So yeah, this series was already very complex with subs, but it becomes an entire puzzle without them. I hope I got everything right, but a big theme of this episode seemed to be psychics, and whether or not they exist. It’s never confirmed nor denied, but I think that with everything that happened to Kanako, there definitely is some sort of psychic aspect about this series.

5 thoughts on “Mouryou no Hako – 05

  1. Where did I ever say that my ratings were fair? They’re incredibly biased and all over the place. 😉

    Seriously though, the rating was more there for the sake of consistency. Even though I didn’t understand it, I enjoyed it a lot. ^^;

  2. I see, I might have sounded rude but it wasn’t on purpose, I have a tendency of being as straight as an arrow and a little brash. I apologize.

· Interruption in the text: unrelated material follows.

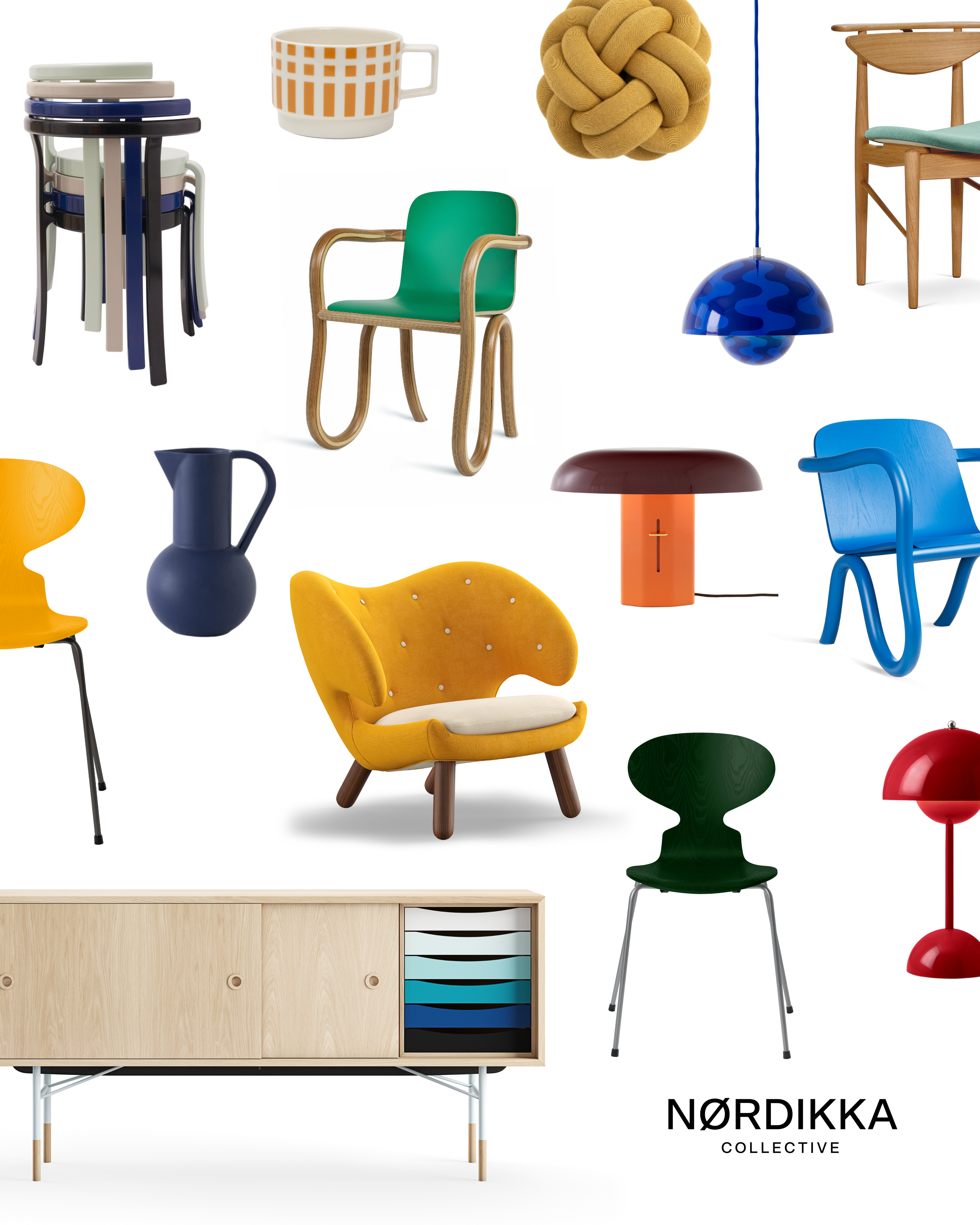 Our Favorite Colorful Scandi Products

  3. The previous episodes had scenes from a novel by someone named Kubo, who has yet to appear.
    This episode’s teaser was from Sekiguchi’s own novel.
    The extended history was the story of how research into psychic abilities was discredited; frankly, I don’t know how it survived the adaption, but Enokizu is actually psychic, and talking with the lawyer (who was in episode 2, outside the operating room) he was blurting out several things he saw in the man’s memories.
    Akihiko/Kyogokudo is the main character of the series, and his sister is the girl with the hat who was riding with Sekiguchi when they stumbled on the box.

  4. The bit with Prof. Fukurai and Chizuko is fairly well-known in horror circles in Japan. They are partially what The Ring are based on. Could be the series director trying to inject horror fiction references.